Well, she knew how. She knew several times over how. For all people in the world for the spirits to bless - her teeth grit. Unsure, more than angry, and not quite sure what to do about it. Magni's mother had followed her almost immediately, questioning her. This was far too rare to simply happen, and given Magni's past engagements, she couldn't fault the people here for being questioning over such an event.
The last few months, however, become too clear. How her stomach churned at smells she liked. Her previous unheard of inclination to doze in front of the fire of an afternoon, inexplicably tired for reasons that at the time, she hadn't questioned too hard. How for the first time she had started to eat all of these huge mountain dinners they were so fond of.
Flat, was it really?
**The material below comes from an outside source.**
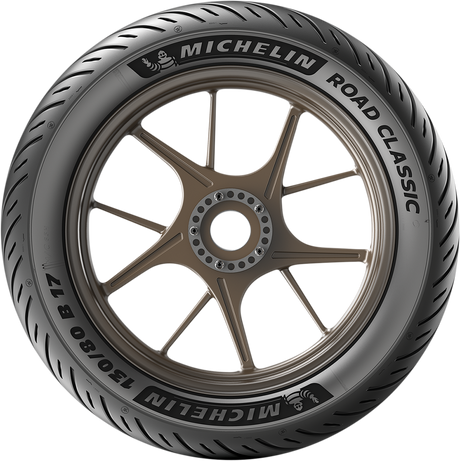 MICHELIN Tire - Road Classic - Rear - 150/70B17 - 69V 79282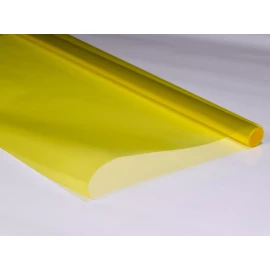 Monokote Flying Film - Transparent Yellow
It had to have been at least three months, like this. ( The faint burn of heat - thinking about which particular event, and realising, suddenly, it had to have been the forest. Whenever would they have been as soaked in magic as each other? ) She gets up, going to the long mirror that adorned her chambers. ( Hers, not Magni's, she had to be alone so suddenly. Every servant sent out of the room, shutting the door on all of them with the strict understanding that she was not to be bothered. )
Standing in front of it, she adjusts her dress, moving the material, to pull it taut over her belly. To see how it sat now that she was really looking.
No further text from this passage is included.